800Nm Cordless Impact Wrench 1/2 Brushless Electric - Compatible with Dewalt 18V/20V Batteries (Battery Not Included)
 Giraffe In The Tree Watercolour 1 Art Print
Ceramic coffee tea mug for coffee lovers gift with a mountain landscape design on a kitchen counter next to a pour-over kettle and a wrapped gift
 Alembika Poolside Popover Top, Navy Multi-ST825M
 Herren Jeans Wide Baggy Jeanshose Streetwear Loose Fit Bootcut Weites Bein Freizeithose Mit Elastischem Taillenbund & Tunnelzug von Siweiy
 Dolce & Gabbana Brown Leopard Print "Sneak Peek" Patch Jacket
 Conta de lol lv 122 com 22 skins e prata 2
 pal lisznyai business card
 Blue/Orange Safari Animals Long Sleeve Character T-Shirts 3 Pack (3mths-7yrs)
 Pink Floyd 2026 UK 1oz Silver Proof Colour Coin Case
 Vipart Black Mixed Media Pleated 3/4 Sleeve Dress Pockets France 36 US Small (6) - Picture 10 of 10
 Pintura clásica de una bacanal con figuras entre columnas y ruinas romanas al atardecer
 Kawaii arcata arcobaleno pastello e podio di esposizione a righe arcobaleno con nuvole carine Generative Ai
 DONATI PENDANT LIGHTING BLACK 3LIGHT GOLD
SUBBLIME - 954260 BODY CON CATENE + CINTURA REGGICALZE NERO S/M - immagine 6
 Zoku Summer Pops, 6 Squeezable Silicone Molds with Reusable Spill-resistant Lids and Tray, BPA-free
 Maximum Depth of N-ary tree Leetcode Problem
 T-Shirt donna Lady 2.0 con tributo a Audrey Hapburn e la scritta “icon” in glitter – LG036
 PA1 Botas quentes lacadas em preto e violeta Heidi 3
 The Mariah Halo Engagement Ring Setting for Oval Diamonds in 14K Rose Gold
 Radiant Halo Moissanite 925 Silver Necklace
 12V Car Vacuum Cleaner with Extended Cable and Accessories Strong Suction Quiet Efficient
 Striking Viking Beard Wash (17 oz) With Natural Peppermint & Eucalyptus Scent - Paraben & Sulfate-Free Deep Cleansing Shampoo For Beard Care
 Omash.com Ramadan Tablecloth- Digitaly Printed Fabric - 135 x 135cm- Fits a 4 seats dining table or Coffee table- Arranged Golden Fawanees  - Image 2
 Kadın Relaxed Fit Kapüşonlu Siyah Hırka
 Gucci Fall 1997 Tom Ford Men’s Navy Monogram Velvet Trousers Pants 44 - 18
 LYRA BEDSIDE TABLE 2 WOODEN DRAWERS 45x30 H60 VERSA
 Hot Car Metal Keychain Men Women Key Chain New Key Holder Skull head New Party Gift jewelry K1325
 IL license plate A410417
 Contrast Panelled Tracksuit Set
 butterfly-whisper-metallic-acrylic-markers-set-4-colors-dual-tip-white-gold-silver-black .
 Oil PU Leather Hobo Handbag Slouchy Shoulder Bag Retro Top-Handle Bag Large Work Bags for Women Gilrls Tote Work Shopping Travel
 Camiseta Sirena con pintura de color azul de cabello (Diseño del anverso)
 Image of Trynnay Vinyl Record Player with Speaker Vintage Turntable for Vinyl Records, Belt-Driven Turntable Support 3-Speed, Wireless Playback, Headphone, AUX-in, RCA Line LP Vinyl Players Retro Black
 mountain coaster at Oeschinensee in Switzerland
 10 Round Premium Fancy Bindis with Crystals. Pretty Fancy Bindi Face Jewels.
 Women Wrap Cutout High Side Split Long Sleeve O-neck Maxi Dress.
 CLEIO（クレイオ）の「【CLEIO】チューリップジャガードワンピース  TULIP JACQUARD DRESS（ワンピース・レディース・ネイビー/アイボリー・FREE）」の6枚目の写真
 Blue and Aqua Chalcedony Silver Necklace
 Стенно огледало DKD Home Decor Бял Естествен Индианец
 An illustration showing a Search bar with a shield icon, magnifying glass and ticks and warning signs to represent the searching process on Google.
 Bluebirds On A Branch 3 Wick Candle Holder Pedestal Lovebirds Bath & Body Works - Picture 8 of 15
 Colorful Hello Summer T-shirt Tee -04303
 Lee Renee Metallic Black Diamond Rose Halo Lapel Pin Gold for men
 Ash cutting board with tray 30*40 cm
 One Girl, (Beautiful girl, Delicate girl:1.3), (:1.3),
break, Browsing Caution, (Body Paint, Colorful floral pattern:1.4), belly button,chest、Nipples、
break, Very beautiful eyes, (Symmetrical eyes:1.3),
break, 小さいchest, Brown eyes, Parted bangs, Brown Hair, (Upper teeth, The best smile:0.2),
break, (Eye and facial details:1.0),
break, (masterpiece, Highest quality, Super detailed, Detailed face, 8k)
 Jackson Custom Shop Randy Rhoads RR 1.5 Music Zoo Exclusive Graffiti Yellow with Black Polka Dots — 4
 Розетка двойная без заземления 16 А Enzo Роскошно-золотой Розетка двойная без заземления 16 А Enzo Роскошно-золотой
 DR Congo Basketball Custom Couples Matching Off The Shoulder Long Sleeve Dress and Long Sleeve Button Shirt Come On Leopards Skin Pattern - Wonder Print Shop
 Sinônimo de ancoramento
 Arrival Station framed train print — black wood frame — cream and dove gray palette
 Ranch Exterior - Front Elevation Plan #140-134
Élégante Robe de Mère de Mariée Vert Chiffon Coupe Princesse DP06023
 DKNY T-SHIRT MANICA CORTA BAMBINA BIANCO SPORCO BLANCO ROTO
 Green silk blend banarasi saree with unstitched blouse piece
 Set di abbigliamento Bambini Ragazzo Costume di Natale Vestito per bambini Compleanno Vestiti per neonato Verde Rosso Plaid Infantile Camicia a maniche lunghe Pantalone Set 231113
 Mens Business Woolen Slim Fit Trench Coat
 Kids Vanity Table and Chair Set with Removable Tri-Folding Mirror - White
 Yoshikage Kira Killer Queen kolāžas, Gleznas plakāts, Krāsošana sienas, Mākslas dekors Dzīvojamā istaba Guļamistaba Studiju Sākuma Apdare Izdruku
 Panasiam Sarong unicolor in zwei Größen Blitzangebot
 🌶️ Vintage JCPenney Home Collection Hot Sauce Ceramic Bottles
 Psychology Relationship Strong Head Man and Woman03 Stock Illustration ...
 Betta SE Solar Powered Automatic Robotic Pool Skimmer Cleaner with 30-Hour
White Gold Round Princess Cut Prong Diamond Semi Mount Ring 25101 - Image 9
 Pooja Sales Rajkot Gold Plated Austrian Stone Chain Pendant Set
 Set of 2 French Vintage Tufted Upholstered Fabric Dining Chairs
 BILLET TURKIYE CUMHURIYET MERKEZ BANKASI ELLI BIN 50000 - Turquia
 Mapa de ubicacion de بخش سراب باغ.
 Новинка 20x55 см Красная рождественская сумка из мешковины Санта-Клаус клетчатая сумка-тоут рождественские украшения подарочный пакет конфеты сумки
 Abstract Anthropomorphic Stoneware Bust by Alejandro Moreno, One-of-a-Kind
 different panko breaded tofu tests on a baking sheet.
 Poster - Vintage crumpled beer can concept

Directions for this task: Those lines from the one with "Set di abbigliamento" through the last line of the material above are to be retyped exactly, with nothing else.

Completed task:
 Set di abbigliamento Bambini Ragazzo Costume di Natale Vestito per bambini Compleanno Vestiti per neonato Verde Rosso Plaid Infantile Camicia a maniche lunghe Pantalone Set 231113
 Mens Business Woolen Slim Fit Trench Coat
 Kids Vanity Table and Chair Set with Removable Tri-Folding Mirror - White
 Yoshikage Kira Killer Queen kolāžas, Gleznas plakāts, Krāsošana sienas, Mākslas dekors Dzīvojamā istaba Guļamistaba Studiju Sākuma Apdare Izdruku
 Panasiam Sarong unicolor in zwei Größen Blitzangebot
 🌶️ Vintage JCPenney Home Collection Hot Sauce Ceramic Bottles
 Psychology Relationship Strong Head Man and Woman03 Stock Illustration ...
 Betta SE Solar Powered Automatic Robotic Pool Skimmer Cleaner with 30-Hour
White Gold Round Princess Cut Prong Diamond Semi Mount Ring 25101 - Image 9
 Pooja Sales Rajkot Gold Plated Austrian Stone Chain Pendant Set
 Set of 2 French Vintage Tufted Upholstered Fabric Dining Chairs
 BILLET TURKIYE CUMHURIYET MERKEZ BANKASI ELLI BIN 50000 - Turquia
 Mapa de ubicacion de بخش سراب باغ.
 Новинка 20x55 см Красная рождественская сумка из мешковины Санта-Клаус клетчатая сумка-тоут рождественские украшения подарочный пакет конфеты сумки
 Abstract Anthropomorphic Stoneware Bust by Alejandro Moreno, One-of-a-Kind
 different panko breaded tofu tests on a baking sheet.
 Poster - Vintage crumpled beer can concept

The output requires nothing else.